_TASK ITEM_.
All the data below goes into the copy word for word, but the pictures don't.

_INFORMATION SUPPLIED_.
:::

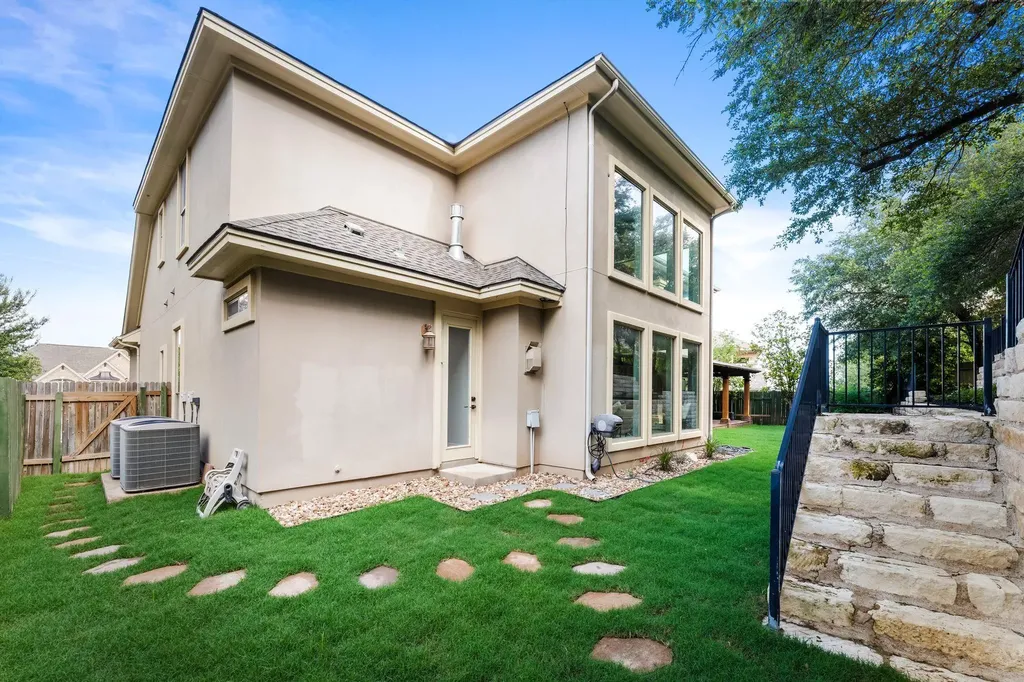 13500 Coleto Creek Trail Austin TX 78732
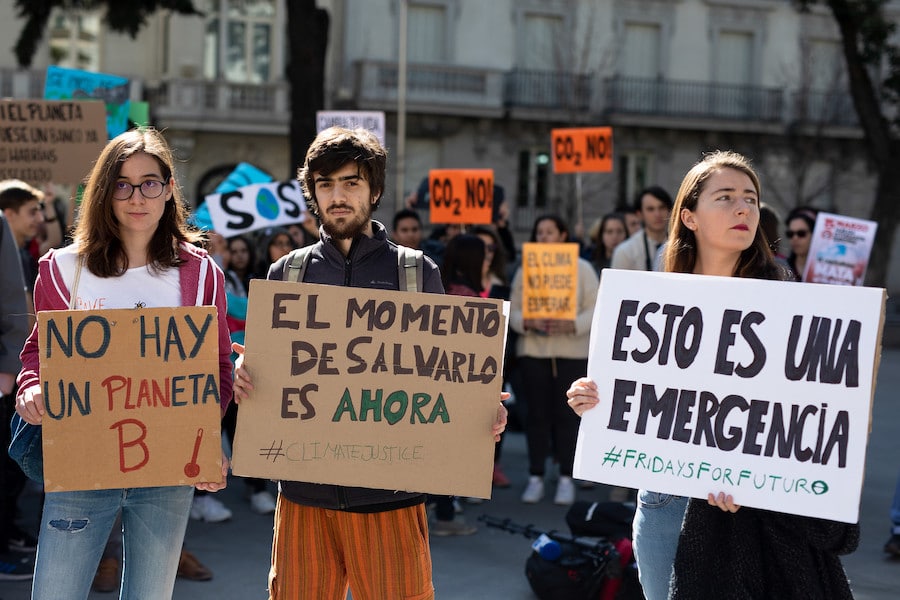 Greenpeace-El-momento-de-salvarlo-es-ahora El Parlamento Europeo declara la emergencia climática
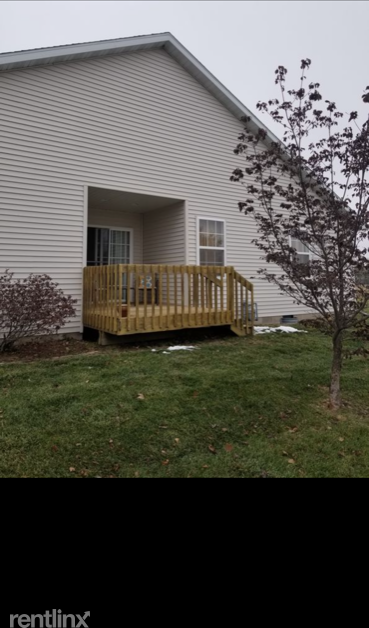 700 Williamson Ave - Photo 3 of 14
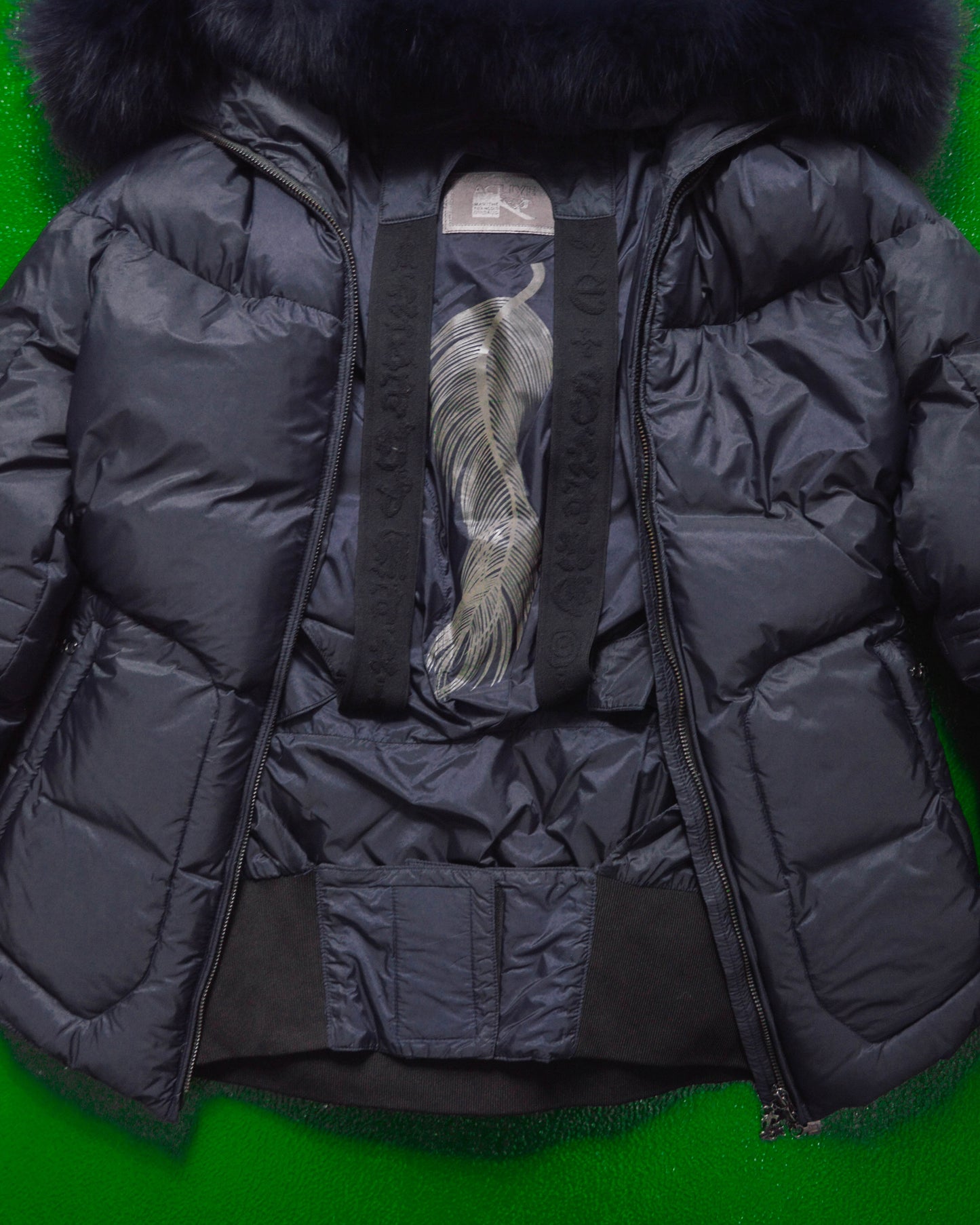 Actlive Subversive Butterfly Panel Navy Fur Trim Back Pack Strap Puffer Jacket (42)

:::

_SOLUTION TO THIS EXERCISE_.
 13500 Coleto Creek Trail Austin TX 78732
 Greenpeace-El-momento-de-salvarlo-es-ahora El Parlamento Europeo declara la emergencia climática
 700 Williamson Ave - Photo 3 of 14
 Actlive Subversive Butterfly Panel Navy Fur Trim Back Pack Strap Puffer Jacket (42)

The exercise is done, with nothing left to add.